Adams Family Correspondence, volume 4

John Adams to John Quincy Adams, 20 December 1780 JA JQA John Adams to John Quincy Adams, 20 December 1780 Adams, John Adams, John Quincy
John Adams to John Quincy Adams
My dear John Amsterdam Decr. 20. 1780

I have just received a Letter from Mr. Thaxter and another from your Brother,1 and should have been equally pleased with one from you.

Write me as often as you can, and let me know what Professors you Attend and what Instructors attend you, whether you understand the Lectures &c.

39

The Lectures upon the Greek of the New Testament, I would have you all attend, and those upon Euripides, Sophocles, &c. too if you have Time, and it is thought proper.

You have now a Prize in your Hands indeed. Such as if you do not improve to the best Advantage, you will be without Excuse. But as I know you have an Ardent Thirst for Knowledge and a good Capacity to acquire it, I depend upon it, you will do no Dishonour to yourself nor to the University of Leyden.
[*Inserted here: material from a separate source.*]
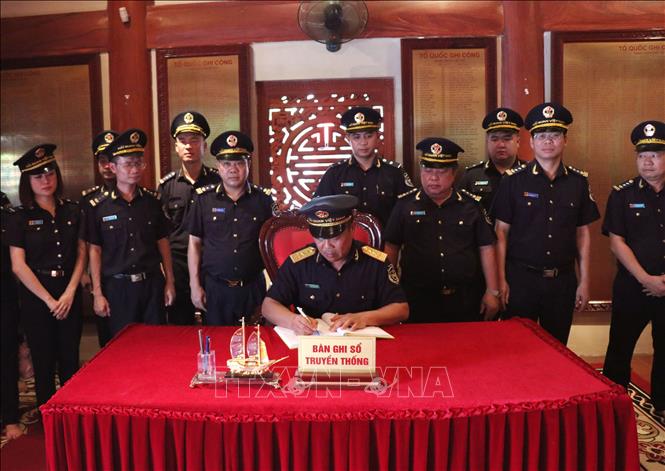 Cục trưởng Cục Hải quan Nguyễn Văn Thọ ghi lưu bút tưởng niệm các Anh hùng liệt sĩ tại Nghĩa trang Liệt sĩ Quốc gia Vị Xuyên. Ảnh: Đức Thọ - TTXVN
Your affectionate Father, John Adams

RC (Adams Papers).

1.

Their letters were dated on the 19th, as stated in the following letter. That of Thaxter is printed above, but CA's has not been found.

John Quincy Adams to John Adams, 21 December 1780 JQA JA John Quincy Adams to John Adams, 21 December 1780 Adams, John Quincy Adams, John
John Quincy Adams to John Adams
Honoured Sir Leyden December 21st 1780

Mr. Thaxter and brother Charles wrote both to you the day before yesterday and as I had no subject to write upon, I did not write But I can now give you an account of our journey.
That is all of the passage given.